O caráter de complementaridade dos fóruns e compromissos é um ponto positivo, na opinião de Bárbara Oliveira, coordenadora do programa Sustentabilidade Global, do Centro de Estudos em Sustentabilidade da FGV-Eaesp. Ela vê como importante a cobertura dos diversos aspectos da sustentabilidade, até mesmo pelo fato de o Brasil ser um país muito diverso, cultural e geograficamente. “Além disso, em um ambiente democrático como o nosso, é importante contar com múltiplas visões e ter acesso a fontes diversas de pesquisas, documentos e dados.”
Do ponto de vista das empresas, o maior desafio, na opinião da pesquisadora, é conciliar a demanda externa por tanta informação com a realidade interna de equipes enxutas ou até a ausência de profissionais dedicados ao tema da sustentabilidade. “Vemos grandes empresas com apenas uma ou duas pessoas dedicadas ao tema. Realmente, fica impossível para estes poucos profissionais estar a cada semana em um fórum diferente, dar conta da demanda por tantos indicadores e ainda atuar nos diversos setores da organização.”
É justamente por reconhecer essa dificuldade das empresas de lidar com a crescente demanda por informações de gestão e impacto no campo da sustentabilidade que o Instituto Ethos está trabalhando para lançar uma nova geração dos Indicadores Ethos de Responsabilidade Social Corporativa. Paulo Itacarambi, vice-presidente do instituto, explica que essa nova versão vai atualizar os indicadores e posicioná-los como uma plataforma, que até mesmo ajude as empresas a conciliá-los com a recém-lançada Norma de Responsabilidade Social ISO 26000 e, também, com as diretrizes da GRI. “Com isso, esperamos simplificar o trabalho para as empresas, no sentido de gerar indicadores para uso comum dessas plataformas já consolidadas.”
Direto ao ponto
Consolidar indicadores de sustentabilidade e compromissos empresariais contribuiria para facilitar o entendimento da sociedade sobre a efetividade dessas ações, acredita o consultor Aerton Paiva, sócio da empresa de consultoria Gestão Origami. Para ele, os indicadores atuais, apesar de necessários, ainda estão, em sua maioria, muito voltados para medir a eficiência e a eficácia dos processos de gestão. “Mas não conseguem medir os impactos reais, que, no final das contas, é o que as pessoas querem saber.”

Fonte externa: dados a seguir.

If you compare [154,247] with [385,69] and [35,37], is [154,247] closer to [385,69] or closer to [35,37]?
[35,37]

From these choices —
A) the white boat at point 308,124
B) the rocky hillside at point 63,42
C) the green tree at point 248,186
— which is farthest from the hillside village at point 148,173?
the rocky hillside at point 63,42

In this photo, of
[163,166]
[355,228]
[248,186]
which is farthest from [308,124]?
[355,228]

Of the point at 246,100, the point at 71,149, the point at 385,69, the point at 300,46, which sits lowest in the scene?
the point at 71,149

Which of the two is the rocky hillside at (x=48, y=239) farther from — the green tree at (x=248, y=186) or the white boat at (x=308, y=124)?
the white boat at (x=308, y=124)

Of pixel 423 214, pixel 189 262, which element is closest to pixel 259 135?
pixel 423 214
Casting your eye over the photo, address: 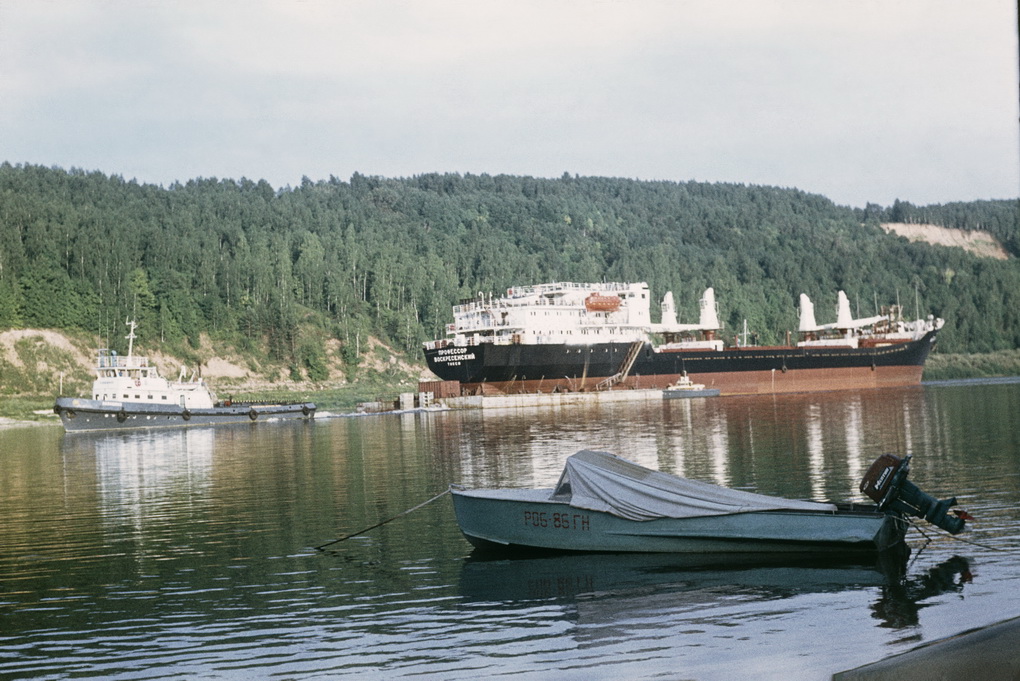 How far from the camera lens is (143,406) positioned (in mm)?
68188

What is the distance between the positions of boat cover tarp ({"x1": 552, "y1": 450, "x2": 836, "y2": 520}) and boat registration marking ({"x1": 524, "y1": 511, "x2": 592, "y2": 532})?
10.6 inches

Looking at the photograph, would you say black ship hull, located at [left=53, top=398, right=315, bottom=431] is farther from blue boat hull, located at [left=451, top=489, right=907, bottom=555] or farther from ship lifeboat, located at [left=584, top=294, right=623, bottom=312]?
blue boat hull, located at [left=451, top=489, right=907, bottom=555]

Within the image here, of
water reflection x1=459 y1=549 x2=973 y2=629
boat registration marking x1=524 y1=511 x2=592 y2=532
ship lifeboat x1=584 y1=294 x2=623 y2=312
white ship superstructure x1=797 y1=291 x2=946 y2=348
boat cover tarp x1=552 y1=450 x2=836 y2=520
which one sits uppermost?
ship lifeboat x1=584 y1=294 x2=623 y2=312

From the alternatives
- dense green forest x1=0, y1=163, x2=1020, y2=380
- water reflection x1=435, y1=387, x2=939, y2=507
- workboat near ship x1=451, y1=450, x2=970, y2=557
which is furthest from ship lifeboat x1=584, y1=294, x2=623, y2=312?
workboat near ship x1=451, y1=450, x2=970, y2=557

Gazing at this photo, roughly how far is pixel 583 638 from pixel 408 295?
148 meters

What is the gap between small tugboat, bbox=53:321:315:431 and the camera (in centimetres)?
6638

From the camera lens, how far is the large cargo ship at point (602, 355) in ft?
274

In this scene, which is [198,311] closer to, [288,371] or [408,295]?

Paiva diz que a Gestão Origami está trabalhando com seus clientes o conceito de one page report, pelo qual os diversos indicadores de gestão são contrapostos às tendências, desafios e oportunidades do setor de atuação da empresa, de forma a medir seus impactos concretos e a efetividade de suas estratégias de sustentabilidade. “Consolidamos tudo isso em literalmente uma página, frente e verso, de forma que qualquer pessoa, mesmo que não domine todo o ferramental de indicadores, consiga entender.”
Claudia Malschitzky, do HSBC, concorda que estamos no caminho para uma nova geração de indicadores e compromissos que deixem mais transparente o impacto das ações e ajudem a comunicá-los melhor para as partes interessadas. A matriz do banco na Inglaterra, por exemplo, produz um relatório de sustentabilidade de 25 páginas centrado nos compromissos assumidos e no que se conseguiu entregar efetivamente. “Estamos em um momento no qual os stakeholders querem ver na prática o que a empresa promete. No nosso caso, de que forma emprestamos o dinheiro, como nossa carteira de crédito está sendo gerida etc. E os indicadores e compromissos têm de ser cada vez mais capazes de espelhar essa realidade.”